Der Film zeigt ganz klar, dass wir Freimaurer uns öffnen müssen. Gerade
der Film ist der beste Beweis dafür, dass Geheimnistuerei zu den abwegigsten
Spekulationen führt. So werden die wildesten Gerüchte in die Welt gesetzt
und die ungeheuersten Geschichten erzählt, die mit der Wirklichkeit nichts
mehr zu tun haben.
Wir Freimaurer haben nichts zu verbergen. Wir können unsere Ideale und
unsere Ziele offen darlegen. Mit einem gewissen Stolz können wir auf die
bald 300-jährige Geschichte der Freimaurerei hinweisen. Nach wie vor sind
wir eine Schule der Menschlichkeit. Unsere Hauptaufgabe ist die Arbeit an
uns selbst. Freimaurer in unserer Welt sein, heisst sich mit den Problemen
in unserer Welt auseinander zu setzen, heisst menschlich sein, den
Menschenrechten zum Durchbruch zu verhelfen und sich nicht in einen
Elfenbeinturm zurück zu ziehen und sich abzukapseln.
Problem Mitgliederschwund
Wenn wir Freimaurer auch im 21. Jahrhundert bestehen wollen, müssen wir
uns gründlich über die Bücher machen. Wir haben ein Hauptproblem, und das
ist die Überalterung. Und eng damit verbunden ist das Problem des
Mitgliederschwundes: Mit den Neuaufnahmen können wir die Lücken nicht mehr
füllen, die durch Abgänge und vor allem Todesfälle entstehen. Der
naheliegendste und unverfänglichste Rettungsanker bestünde in der
Rekrutierung neuer Mitglieder. Sie brächte frischen Wind, neue Ideen und
eine Menge Goodwill mit – sofern wir Mitgliederwerbung befürworten und auch
in die Tat umsetzen können. Die zuweilen im Brustton der Verlegenheit
geäusserte Phrase, Qualität gehe vor Quantität mal beiseite, kommen wir
nicht am Faktum vorbei, dass der Mitgliederbestand in der Schweiz, wie auch
in England und den Vereinigten Staaten nicht nur stagnierend, sondern
rückläufig ist. Im Gegensatz dazu erfreuen sich die Brüder in Österreich
eines enormen Zustroms. Es bestehen für die Aufnahme Wartelisten. Und das
trotzdem sich die Grossloge von Österreich konsequent weigert, sich zu
öffnen und an der vollen Deckung festhält.

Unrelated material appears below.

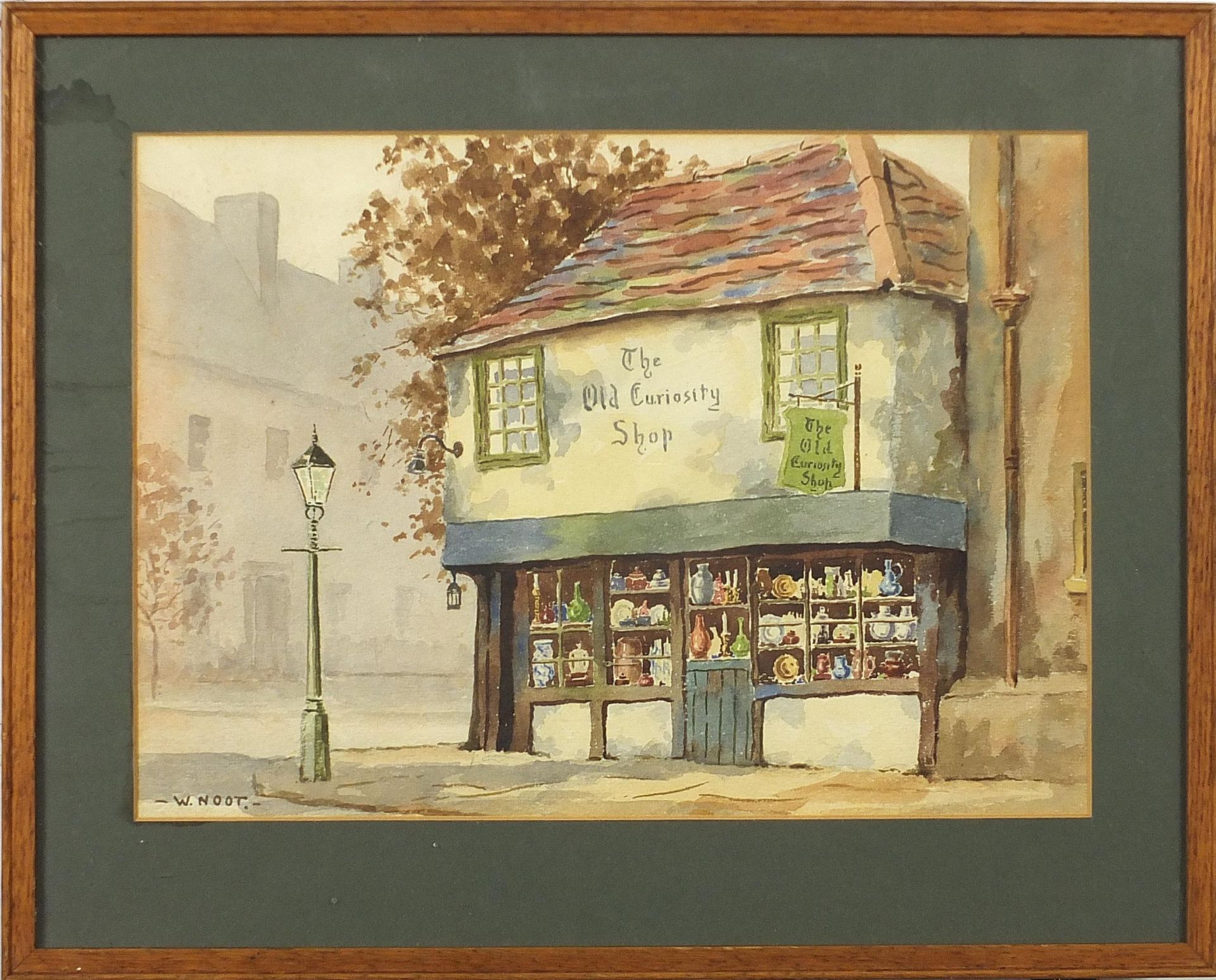 W Noot - The Old Curiosity Shop and Street scene with figures, pair of watercolours, mounted, framed - Bild 3 aus 9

Die französischen Logen vermehrten ihren Bestand sogar von 40’000 im
Jahre 1972 auf rund 140’000 Brüder im Jahre 2003, womit sie ihre Basis mehr
als verdreifachten. Die französischen Logen betreiben aktiv Public
Relations, beispielsweise durch zahlreiche Ausstellungen im ganzen Land und
durch die Herausgabe einer Sonder-Briefmarke anlässlich der 275-Jahr-Feier
der französischen Freimaurerei. Staatspräsident Chirac empfing die
Grossmeister aller nationalen Grosslogen. In den grossen Blättern, von
Paris-Match bis Le Monde und Figaro erschienen von hoher Wertschätzung
zeugende Beilagen. In Frankreich stellt sich die Freimaurerei in der
Öffentlichkeit völlig entkrampft dar. Sie meidet die Aura der Exklusivität
und des distanziert Geheimnisvollen. Dafür bemüht sie sich um grösstmögliche
Sachlichkeit.
Die österreichische Post hat einen wunderbaren Sonderblock zum Thema
«Mozart und die Freimaurerei» herausgegeben. Dazu kommen Sonder- Briefmarken
und Sonderstempel zum Mozart-Jubiläum. Vor allem Mozarts 250. Geburtstag ist
ein Aufhänger, um sich in der Öffentlichkeit zu präsentieren und darauf
hinzuweisen, dass Mozart ein begeisterter Freimaurer war. Deshalb
veranstalten die Zürcher Logen ein grossartiges Konzert mit einem
hervorragenden Orchester, einem bekannten Chor von 60 Sängern und
herausragenden Solisten unter dem Titel «Mozart, der Freimaurer und
Musiker».
Wir müssen unverkrampft der Öffentlichkeit gegenüber treten
Für uns Freimaurer in der Schweiz bedeutet das, dass wir ebenfalls vom
Geheimnisvollen wegkommen und uns unverkrampft der Öffentlichkeit darstellen
müssen. Hier bietet sich das Internet als ideale Plattform geradezu an. Die
Loge Catena Humanitatis unterhält – wie viele andere Logen – eine Homepage,
die beachtet wird. Die Loge konnte in den letzten zwei Jahren zwanzig neue
Lehrlinge aufnehmen, die sich grösstenteils über das Internet gemeldet
haben. Diese Lehrlinge brachten eine willkommene Blutauffrischung und vor
allem eine deutliche Herabsetzung des Durchschnittsalters.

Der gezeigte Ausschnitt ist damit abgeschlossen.